You can see some pics of the new boat below. We have shot some video of the boat running and fishing, I will post it soon.

Capt. Rick Hmamond
Clearwater Guide Service - Rockport, TX
361-229-6053
www.flyfishrockport.com


----------



## Gottagofishin (Dec 17, 2005)

I remember that New Beavertail feeling. 

Great looking boat and you are dead on in the pros and cons. I think the motor under the platform makes it well balanced and improves the hole shot, but it is a bit noisier than I expected. I have found in my B2 T that if someone is sitting next to you while running, you can still have a conversation without screaming at each other so it's manageable.

Mine sits in a sling, so the trailer height isn't a regular problem, but I did scrape the bottom on the driveway the first time I pulled it out. On the plus side, the whole rig is light enough to move by hand.

I've had mine for a couple of months now and I like it better everytime I take it out.


----------



## cloudfishing (May 8, 2005)

Sweet ride, my wife and I have been entertaining getting a tech poling skiff, beavertail is on the list.


----------



## Stuart (May 21, 2004)

My BT trailer did the same thing. Jim sent me two aluminum blocks that I slid between my frame and springs. They added a little less than 2" in height, but made all the difference in the world.


----------



## TooShallow (May 21, 2004)

Gotta ask why you say that the hole is much better versus a 60hp Yamaha. The E-tec is heavier right? Why would the hole shot be better? Does the E-tec have more displacement?


----------



## Redfish Rick (Aug 27, 2004)

TooShallow: I have been on the same boat with a Yamaha 60 (four stroke). The hole shot on my boat with the 60 E-Tec is noticeably better. I think that the E-tec 60 has much better low-end torque (2 stokes usually have higher low-end torque).

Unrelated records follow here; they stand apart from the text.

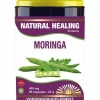 Afbeelding van NHP Moringa 400 mg puur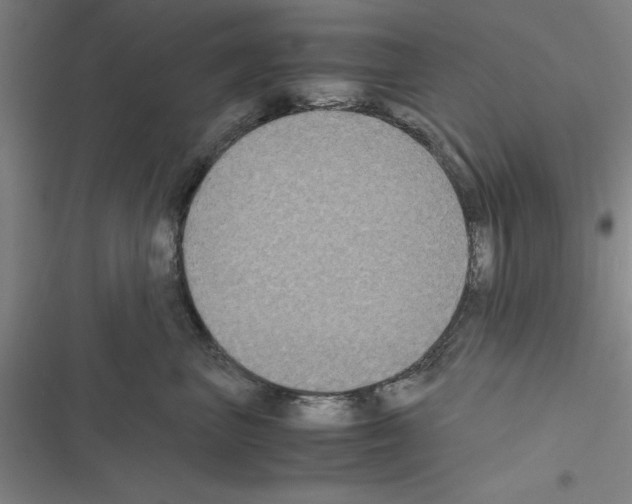 X0000116580667201001211306
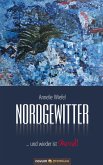 Nordgewitter (eBook, ePUB)
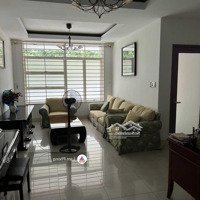 Bán Nhà Khu Hồng Long, 101M2, 4 Tầng, Giá Bán 24 Tỷ.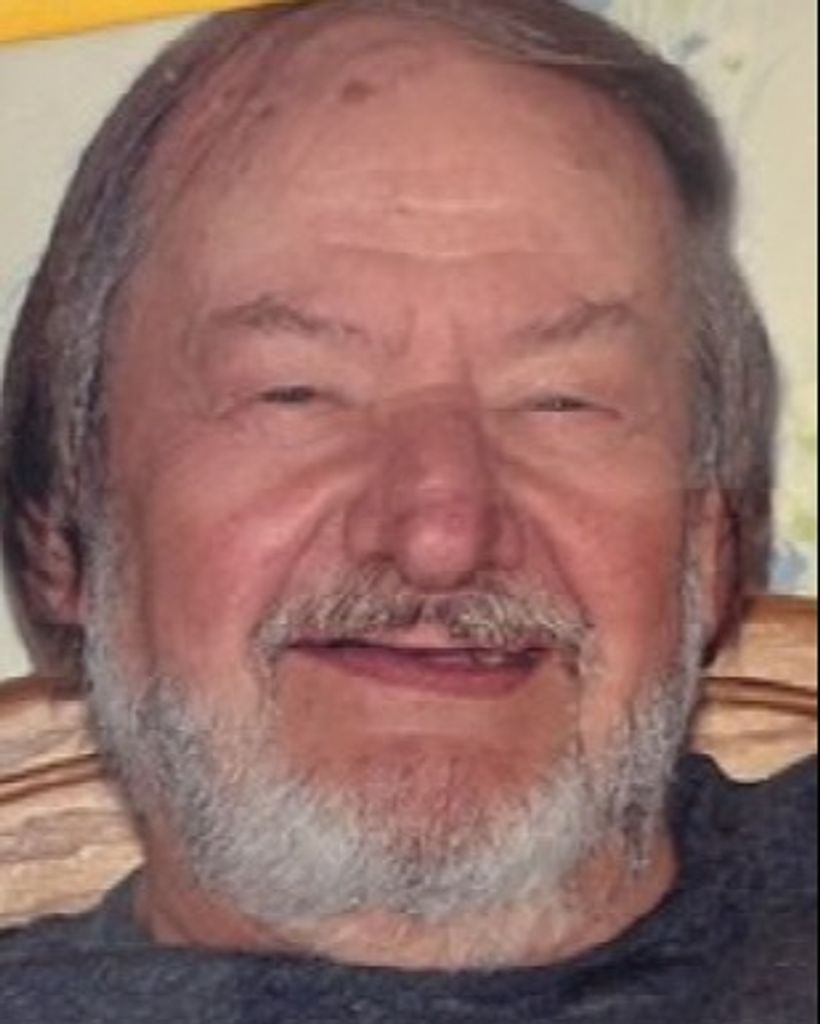 Richard E. Raduns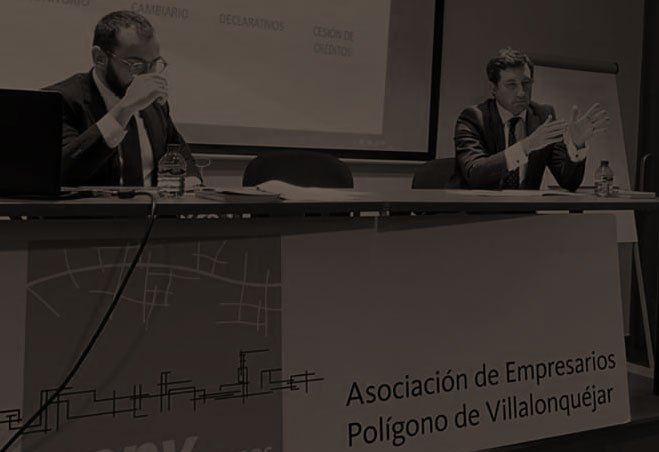 seminario burgos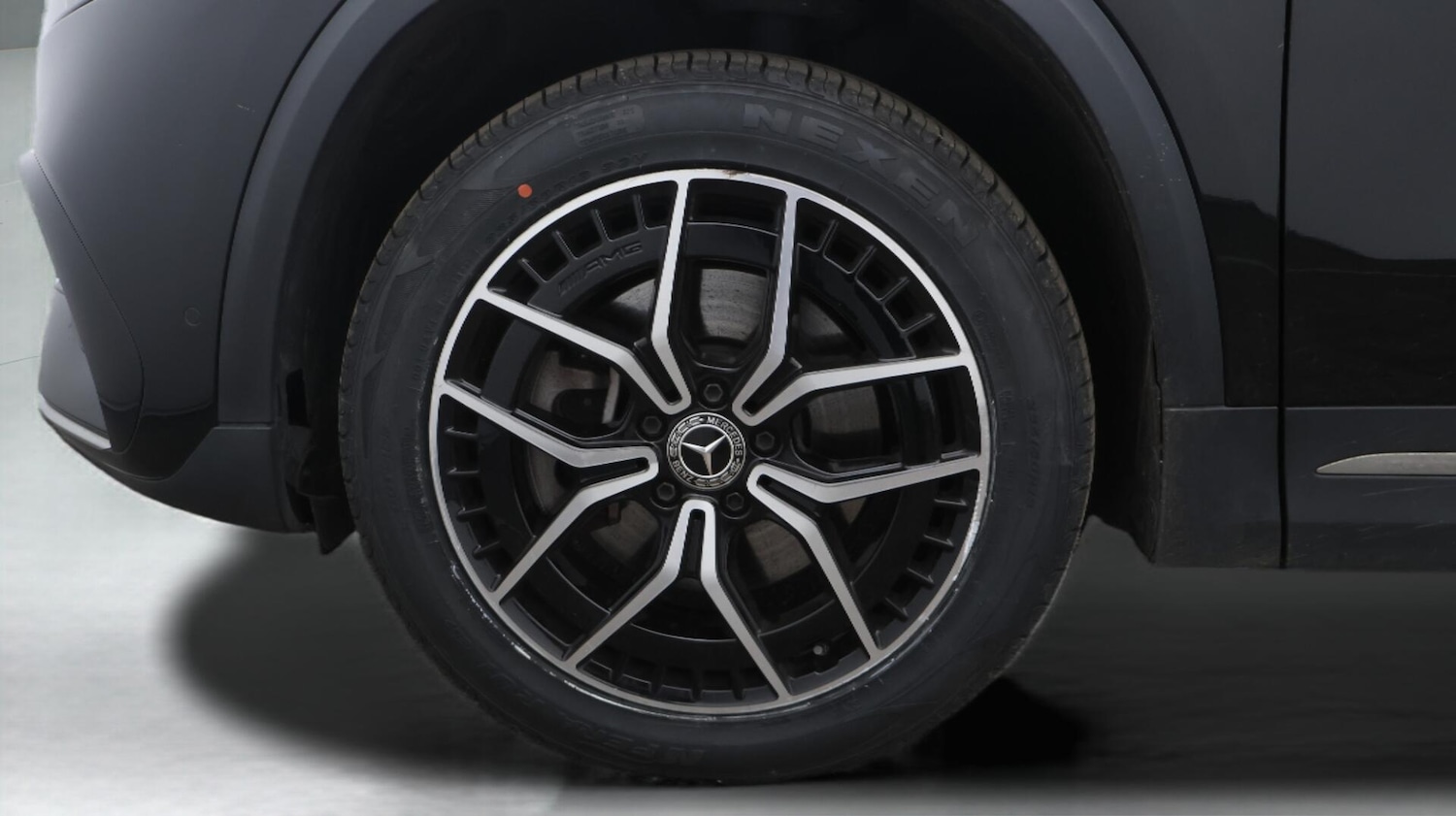 Used Mercedes-Benz EQA 2022 for sale - 76511894: Photo 19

Nothing wrong with a Yamaha, I would love to try a 70 hp Yamaha 2 stroke on this boat...


----------



## Gottagofishin (Dec 17, 2005)

e-tec and 60 yammie 4 stroke are about the same weight, but the e-tec has much better low end torque.


----------



## spitfire (Jan 2, 2007)

nice machine!


----------



## stxhunter (May 19, 2006)

Very nice, congrats! I love the way it LEANS into a turn!


----------



## metal man (Mar 30, 2006)

Very nice. Just got back from Marco and all of the guides are running simular rigs. My concern is cutting across the big bays when it gets crappy. Got to love the 60 at 3.75+ a gallon. I would imagine we'll be seeing alot more on our waters.


----------



## LBS (Sep 2, 2004)

Very nice rig....I love those little boats. How is your water pressure holding up with the E-Tec jacked up that high?


----------



## Freshwaterman (May 21, 2004)

Nice boat, most of the guides in FL, have already weeded out the e-tec, yamaha on the beavertail boats, the Tohatsu 50 TLDI is the chosen one, it weighs in at 197 lb, the horse power to weight ratio makes the Tohatsu a better all around choice for power, and it's a h*ll of alot more affordable.


----------



## allrockport (Jun 6, 2005)

I am looking at getting the new BTX with a 40 tohatsu tldi tiller. Was given a general price quote saying that the tohatsu run roughtly the same price as the etec. I then asked for a detailed price quote wich Jim is currently working on. Tohatsu make a 15" shaft 40 and 50. I am hoping that that motor would work on the transom of the BTX. I am trying to get away from having a hyd. jackplate on the boat. More wieght and more things to replace down the road. I hope that setup is possible, even if requiring a manuel jackplate to lower it a bit. Simplicity is what I am looking for. I know for a fact that the tldi is a lot cheaper than the etec in the SA area. Just hope Beavertail can put the motor on for me for roughly the same price as down here. Met them down at the big CC boat show and were super super nice people. The owner even took me down to talk to the Tohatsu reps. We'll keep you posted. PLOZO


----------



## Redfish Rick (Aug 27, 2004)

LBS: Water pressure stays between 15-20 psi no matter where the jackplate and trim are when I am running. In skinny water, I put the jackplate all the way up, trim the motor up as far as possible and I still get at least 15 psi. Whe running this way the bottom of the skeg is about even with the bottom running line of the hull. 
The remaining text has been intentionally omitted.